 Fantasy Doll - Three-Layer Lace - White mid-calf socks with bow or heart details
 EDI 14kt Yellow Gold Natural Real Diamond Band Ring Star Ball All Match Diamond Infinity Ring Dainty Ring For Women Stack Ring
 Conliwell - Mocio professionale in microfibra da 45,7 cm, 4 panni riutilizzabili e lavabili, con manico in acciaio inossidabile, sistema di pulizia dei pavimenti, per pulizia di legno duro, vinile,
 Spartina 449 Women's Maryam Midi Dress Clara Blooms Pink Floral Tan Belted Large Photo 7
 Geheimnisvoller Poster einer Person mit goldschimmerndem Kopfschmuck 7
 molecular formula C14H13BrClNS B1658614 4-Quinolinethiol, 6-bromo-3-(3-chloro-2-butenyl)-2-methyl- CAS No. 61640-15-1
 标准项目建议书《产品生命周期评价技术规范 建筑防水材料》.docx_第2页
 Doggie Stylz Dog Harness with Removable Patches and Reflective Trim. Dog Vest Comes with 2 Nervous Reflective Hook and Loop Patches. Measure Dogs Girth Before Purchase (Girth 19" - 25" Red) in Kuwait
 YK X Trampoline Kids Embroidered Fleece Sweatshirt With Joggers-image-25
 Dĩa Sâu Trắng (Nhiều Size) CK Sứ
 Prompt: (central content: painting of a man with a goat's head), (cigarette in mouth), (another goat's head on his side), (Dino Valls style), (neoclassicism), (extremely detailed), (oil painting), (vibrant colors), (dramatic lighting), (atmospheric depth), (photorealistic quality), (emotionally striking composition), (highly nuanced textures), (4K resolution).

--------------------

WHAT YOU ARE ASKED TO DO
Reprint exactly the lines above that start at the one with "Conliwell - Mocio" and end at the one with "YK X Trampoline", keeping both and adding none.

ANSWER BOX
 Conliwell - Mocio professionale in microfibra da 45,7 cm, 4 panni riutilizzabili e lavabili, con manico in acciaio inossidabile, sistema di pulizia dei pavimenti, per pulizia di legno duro, vinile,
 Spartina 449 Women's Maryam Midi Dress Clara Blooms Pink Floral Tan Belted Large Photo 7
 Geheimnisvoller Poster einer Person mit goldschimmerndem Kopfschmuck 7
 molecular formula C14H13BrClNS B1658614 4-Quinolinethiol, 6-bromo-3-(3-chloro-2-butenyl)-2-methyl- CAS No. 61640-15-1
 标准项目建议书《产品生命周期评价技术规范 建筑防水材料》.docx_第2页
 Doggie Stylz Dog Harness with Removable Patches and Reflective Trim. Dog Vest Comes with 2 Nervous Reflective Hook and Loop Patches. Measure Dogs Girth Before Purchase (Girth 19" - 25" Red) in Kuwait
 YK X Trampoline Kids Embroidered Fleece Sweatshirt With Joggers-image-25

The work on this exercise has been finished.